What you have to do: Beginning with the first line below, output every record verbatim and leave out the images.
Top of Data for this exercise
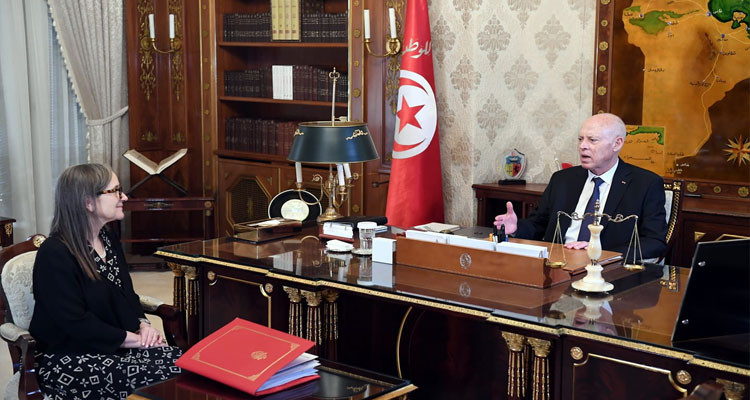 رئيس الدولة يتباحث مع رئيسة الحكومة الأوضاع الاقتصادية والمالية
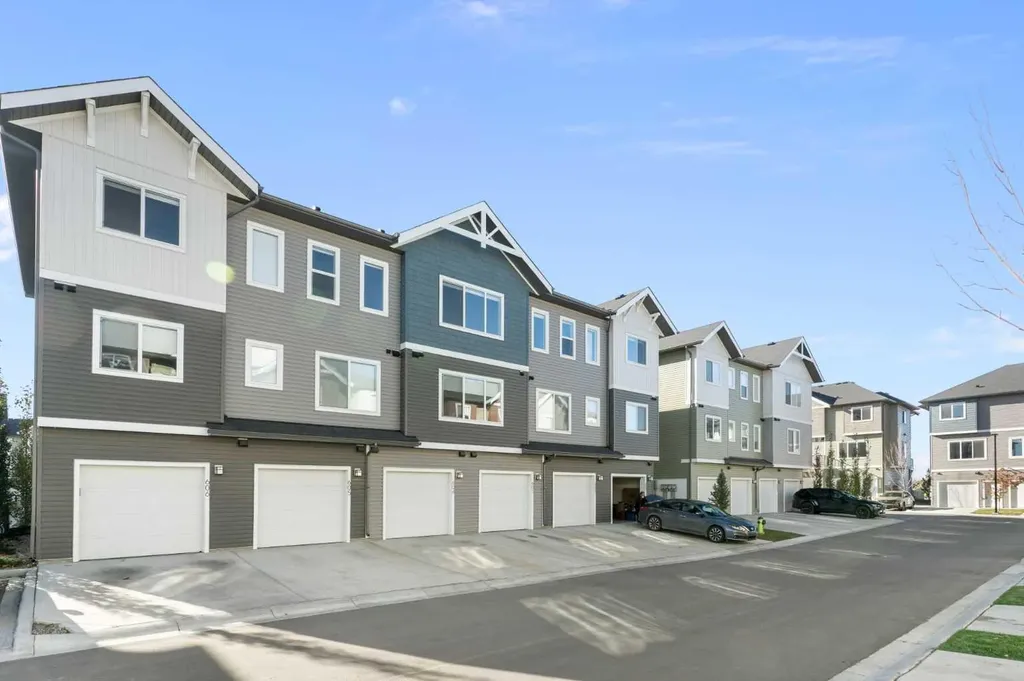 24 Rivercrest Drive Cochrane AB T4C 2C5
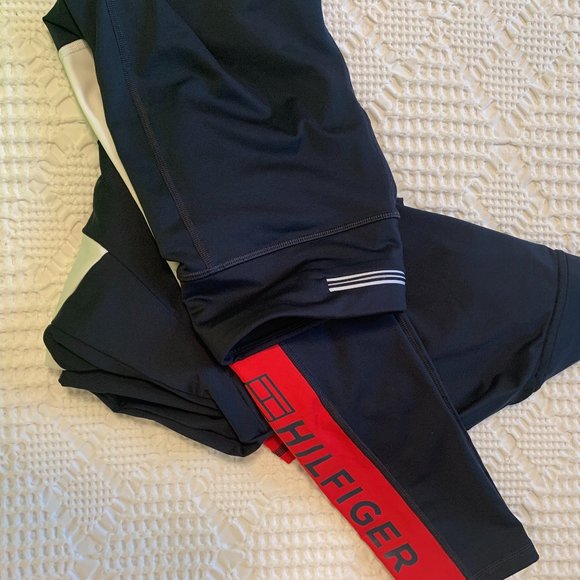 Track Suite - Picture 11 of 11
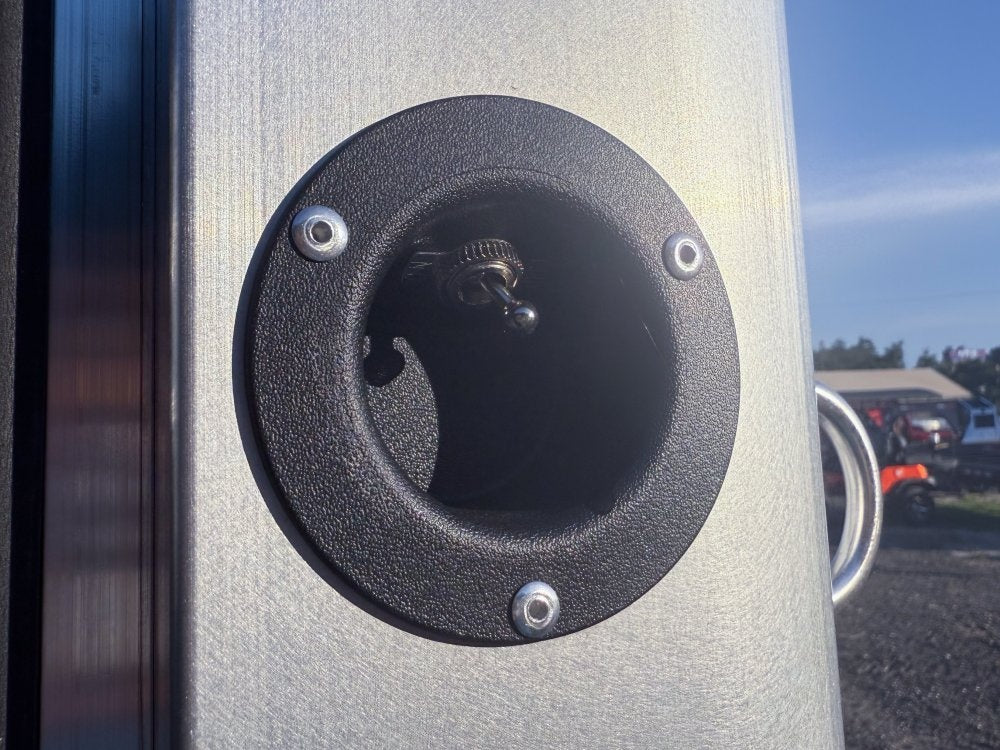 Sundowner Charter SE 2+1 Gooseneck Straight Load - White w/Stainless Nose (2) 5,200lb Axles - Side R - 2 Horse - Horse Trailers - TrailerSwap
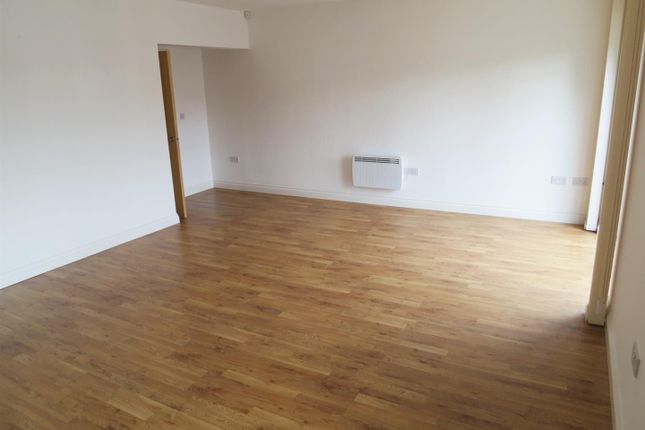 5, Dunsters Court, Bury photo 4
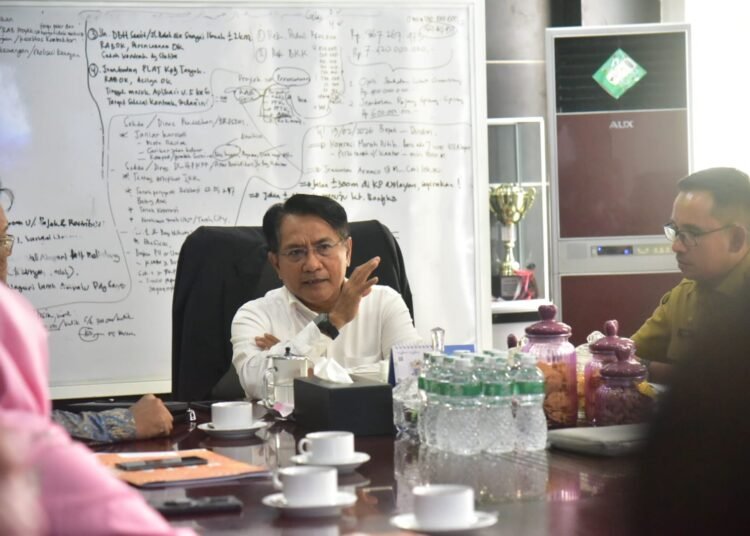 Bupati Padang Pariaman, John Kenedy Azis, menerima kunjungan Kepala Badan Pusat Statistik (BPS) Sumatera Barat, Nurul Hasanudin, Selasa (21/4).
Bottom of Data for this exercise
Answer to the exercise:
 رئيس الدولة يتباحث مع رئيسة الحكومة الأوضاع الاقتصادية والمالية
 24 Rivercrest Drive Cochrane AB T4C 2C5
 Track Suite - Picture 11 of 11
 Sundowner Charter SE 2+1 Gooseneck Straight Load - White w/Stainless Nose (2) 5,200lb Axles - Side R - 2 Horse - Horse Trailers - TrailerSwap
 5, Dunsters Court, Bury photo 4
 Bupati Padang Pariaman, John Kenedy Azis, menerima kunjungan Kepala Badan Pusat Statistik (BPS) Sumatera Barat, Nurul Hasanudin, Selasa (21/4).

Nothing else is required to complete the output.